* About this task: Could you work out the number of lines in the listing that include the word "Retro" and reply with that figure alone?

* Supplied entries:
--- START ---

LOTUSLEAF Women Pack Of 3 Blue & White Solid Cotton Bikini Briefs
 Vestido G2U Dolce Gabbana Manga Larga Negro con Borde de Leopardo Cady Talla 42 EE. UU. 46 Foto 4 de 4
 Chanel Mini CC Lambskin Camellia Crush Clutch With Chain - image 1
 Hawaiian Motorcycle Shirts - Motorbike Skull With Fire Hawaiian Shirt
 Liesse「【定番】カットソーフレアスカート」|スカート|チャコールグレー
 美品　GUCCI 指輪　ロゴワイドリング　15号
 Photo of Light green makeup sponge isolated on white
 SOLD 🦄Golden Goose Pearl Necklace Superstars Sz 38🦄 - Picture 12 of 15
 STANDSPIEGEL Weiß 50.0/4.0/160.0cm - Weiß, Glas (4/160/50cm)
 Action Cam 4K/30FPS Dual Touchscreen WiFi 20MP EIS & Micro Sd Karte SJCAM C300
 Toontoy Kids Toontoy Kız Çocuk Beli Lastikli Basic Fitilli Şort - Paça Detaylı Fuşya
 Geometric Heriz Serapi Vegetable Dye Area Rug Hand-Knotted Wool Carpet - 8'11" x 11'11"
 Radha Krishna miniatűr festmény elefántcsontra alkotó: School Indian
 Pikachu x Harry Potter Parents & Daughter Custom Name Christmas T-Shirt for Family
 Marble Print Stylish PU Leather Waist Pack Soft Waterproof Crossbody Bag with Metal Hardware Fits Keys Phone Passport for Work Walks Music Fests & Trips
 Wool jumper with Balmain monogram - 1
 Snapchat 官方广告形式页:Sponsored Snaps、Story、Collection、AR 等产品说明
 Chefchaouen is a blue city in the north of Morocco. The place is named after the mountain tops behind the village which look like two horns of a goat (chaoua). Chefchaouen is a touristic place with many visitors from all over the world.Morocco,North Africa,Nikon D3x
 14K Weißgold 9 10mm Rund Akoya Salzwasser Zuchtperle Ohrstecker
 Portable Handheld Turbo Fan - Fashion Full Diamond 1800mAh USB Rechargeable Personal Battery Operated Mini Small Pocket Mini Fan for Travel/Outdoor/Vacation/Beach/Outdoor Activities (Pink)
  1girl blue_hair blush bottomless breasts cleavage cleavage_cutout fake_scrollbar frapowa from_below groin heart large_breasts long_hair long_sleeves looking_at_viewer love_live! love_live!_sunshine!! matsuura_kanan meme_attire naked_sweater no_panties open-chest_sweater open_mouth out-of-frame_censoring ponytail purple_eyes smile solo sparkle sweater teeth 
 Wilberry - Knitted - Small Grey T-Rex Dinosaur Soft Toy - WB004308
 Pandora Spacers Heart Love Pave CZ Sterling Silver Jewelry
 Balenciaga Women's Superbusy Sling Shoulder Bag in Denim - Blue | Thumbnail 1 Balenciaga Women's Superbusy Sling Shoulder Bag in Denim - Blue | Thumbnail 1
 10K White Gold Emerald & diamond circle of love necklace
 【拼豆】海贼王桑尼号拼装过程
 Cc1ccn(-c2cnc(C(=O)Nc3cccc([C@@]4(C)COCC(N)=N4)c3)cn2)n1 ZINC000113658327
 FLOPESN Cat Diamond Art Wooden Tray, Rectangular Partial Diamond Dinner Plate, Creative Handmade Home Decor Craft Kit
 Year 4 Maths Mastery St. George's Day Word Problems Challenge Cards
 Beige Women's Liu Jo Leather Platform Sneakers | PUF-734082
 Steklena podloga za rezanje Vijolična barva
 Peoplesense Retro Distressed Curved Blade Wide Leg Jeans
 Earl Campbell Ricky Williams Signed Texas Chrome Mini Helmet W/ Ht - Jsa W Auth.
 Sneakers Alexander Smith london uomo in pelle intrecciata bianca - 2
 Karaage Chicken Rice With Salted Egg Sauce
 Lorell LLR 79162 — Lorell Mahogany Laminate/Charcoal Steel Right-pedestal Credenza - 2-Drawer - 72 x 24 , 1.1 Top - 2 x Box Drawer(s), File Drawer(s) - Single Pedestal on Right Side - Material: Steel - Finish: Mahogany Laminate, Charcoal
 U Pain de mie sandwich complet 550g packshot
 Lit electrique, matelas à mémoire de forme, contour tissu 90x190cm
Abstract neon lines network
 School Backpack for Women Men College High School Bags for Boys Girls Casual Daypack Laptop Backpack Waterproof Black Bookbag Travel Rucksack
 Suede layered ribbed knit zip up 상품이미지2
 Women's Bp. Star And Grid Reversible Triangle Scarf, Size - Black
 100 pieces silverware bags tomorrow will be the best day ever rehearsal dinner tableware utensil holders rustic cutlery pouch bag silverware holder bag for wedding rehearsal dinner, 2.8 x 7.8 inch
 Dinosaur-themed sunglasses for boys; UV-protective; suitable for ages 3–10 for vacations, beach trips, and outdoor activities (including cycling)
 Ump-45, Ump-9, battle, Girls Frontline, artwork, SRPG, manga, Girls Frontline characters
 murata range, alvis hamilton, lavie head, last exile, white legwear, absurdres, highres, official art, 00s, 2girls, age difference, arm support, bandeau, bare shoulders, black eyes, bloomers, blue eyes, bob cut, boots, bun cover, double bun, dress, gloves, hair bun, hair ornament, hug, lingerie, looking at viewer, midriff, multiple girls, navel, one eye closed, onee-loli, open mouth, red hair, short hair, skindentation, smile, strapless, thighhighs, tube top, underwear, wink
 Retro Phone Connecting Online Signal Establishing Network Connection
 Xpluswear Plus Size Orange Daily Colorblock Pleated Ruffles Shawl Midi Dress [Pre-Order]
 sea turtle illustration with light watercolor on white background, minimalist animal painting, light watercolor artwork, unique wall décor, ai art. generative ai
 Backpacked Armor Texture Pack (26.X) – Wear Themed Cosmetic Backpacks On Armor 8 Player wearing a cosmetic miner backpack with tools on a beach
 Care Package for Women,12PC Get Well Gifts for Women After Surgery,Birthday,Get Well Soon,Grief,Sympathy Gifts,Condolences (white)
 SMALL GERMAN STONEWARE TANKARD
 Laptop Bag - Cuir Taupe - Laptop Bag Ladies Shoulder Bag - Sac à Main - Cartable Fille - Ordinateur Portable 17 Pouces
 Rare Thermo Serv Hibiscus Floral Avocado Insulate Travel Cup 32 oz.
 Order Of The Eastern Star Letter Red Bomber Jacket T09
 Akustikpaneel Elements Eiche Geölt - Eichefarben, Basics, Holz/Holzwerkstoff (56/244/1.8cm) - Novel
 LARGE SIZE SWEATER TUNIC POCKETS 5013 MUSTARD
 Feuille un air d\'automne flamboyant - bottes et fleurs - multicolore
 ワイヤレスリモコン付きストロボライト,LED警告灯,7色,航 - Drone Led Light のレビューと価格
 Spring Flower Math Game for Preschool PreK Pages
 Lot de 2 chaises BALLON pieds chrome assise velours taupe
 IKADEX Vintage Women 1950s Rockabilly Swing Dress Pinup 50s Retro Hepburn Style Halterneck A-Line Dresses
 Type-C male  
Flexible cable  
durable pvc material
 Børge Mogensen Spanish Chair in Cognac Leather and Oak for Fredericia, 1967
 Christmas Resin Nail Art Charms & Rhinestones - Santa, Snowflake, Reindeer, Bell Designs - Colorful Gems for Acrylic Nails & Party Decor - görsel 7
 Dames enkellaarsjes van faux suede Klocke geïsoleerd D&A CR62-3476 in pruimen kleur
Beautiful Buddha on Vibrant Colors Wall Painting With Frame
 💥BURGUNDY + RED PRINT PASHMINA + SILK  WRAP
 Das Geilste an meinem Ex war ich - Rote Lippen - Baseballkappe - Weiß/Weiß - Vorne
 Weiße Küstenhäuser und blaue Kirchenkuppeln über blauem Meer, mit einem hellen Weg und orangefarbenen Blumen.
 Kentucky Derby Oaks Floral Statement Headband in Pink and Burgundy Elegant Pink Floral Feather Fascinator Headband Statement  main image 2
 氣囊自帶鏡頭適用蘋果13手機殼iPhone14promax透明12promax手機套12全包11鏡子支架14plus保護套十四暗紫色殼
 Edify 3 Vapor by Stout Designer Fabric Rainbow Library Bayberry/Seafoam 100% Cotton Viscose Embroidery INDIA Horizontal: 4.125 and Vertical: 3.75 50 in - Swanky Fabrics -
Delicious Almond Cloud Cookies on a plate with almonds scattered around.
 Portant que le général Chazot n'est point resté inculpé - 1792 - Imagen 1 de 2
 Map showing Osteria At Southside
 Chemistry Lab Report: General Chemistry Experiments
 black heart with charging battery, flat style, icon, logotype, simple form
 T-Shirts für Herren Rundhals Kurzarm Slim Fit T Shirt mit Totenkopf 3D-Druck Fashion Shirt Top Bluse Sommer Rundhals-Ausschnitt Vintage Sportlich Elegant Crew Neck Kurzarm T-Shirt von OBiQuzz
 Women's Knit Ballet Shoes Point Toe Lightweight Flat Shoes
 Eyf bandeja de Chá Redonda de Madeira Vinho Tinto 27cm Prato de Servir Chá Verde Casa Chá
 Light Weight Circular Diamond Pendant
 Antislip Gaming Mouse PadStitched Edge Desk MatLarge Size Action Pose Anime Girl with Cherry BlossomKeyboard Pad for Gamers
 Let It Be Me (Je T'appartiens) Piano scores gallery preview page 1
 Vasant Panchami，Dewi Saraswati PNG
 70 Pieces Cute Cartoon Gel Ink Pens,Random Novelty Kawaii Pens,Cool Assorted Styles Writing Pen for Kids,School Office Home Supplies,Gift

--- END ---

* Output of the task: 3